Although music, fashion and, indeed, life was obviously changing with the advent of the Beatles in '63, I first noticed that things were getting a little ‘strange’ in autumn 1966. (Tomorrow Never Knows).
From then through winter '66 and spring '67, there was a magic in the air. We were experiencing things we’d never felt before, we were wrapped up with each other in real kinship. One example of ‘us versus them’ was when I was walking in London in all my flower child finery (flowers in my hair, kaftan, long hair), and I passed a matronly, tweedy old woman who looked me up and down, and spat out “your type of filth should be wiped off the streets.” You knew which side you were on in those days!
We really did believe that love and peace would win, and that we would burst through the clouds into a world of eternal sunshine (where flowers would grow incredibly high).
Summer '67 was a culmination. But the trouble with culminations is where do you go after you’ve peaked? And so it was in autumn '67 (the death of the hippy, the shutting down of pirate radio*), the flowers dying, the leaves turning brown. We *knew *that it was ending, and the feeling of sadness and the terrible feeling of loss was almost unbearable. Think of the line through Revolver, Sgt Pepper/Magical Mystery Tour, and the comedown of the White Album. (I’m not talking quality here, just the innovation and extravagance of the psychedelic albums).
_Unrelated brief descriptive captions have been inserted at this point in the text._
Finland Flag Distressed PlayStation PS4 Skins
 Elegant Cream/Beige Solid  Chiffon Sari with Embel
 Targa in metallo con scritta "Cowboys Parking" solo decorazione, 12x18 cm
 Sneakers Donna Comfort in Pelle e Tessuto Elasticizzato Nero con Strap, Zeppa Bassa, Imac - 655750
The same with the Byrds: the sparkle of Younger Than Yesterday, the gleaming depth of Notorious Byrd Brothers, and then the back to roots Sweetheart of the Rodeo.
Does anyone else feel the same: the feeling of nostalgia in late '67 for a time just passed?
*Pirate radio stations were ships in the North Sea that broadcast American style formats and were beyond government control. John Peel’s Perfumed Garden was an unsurpassed example. Imagine (American readers) that your favourite stations were closed down overnight. That’s what happened to us.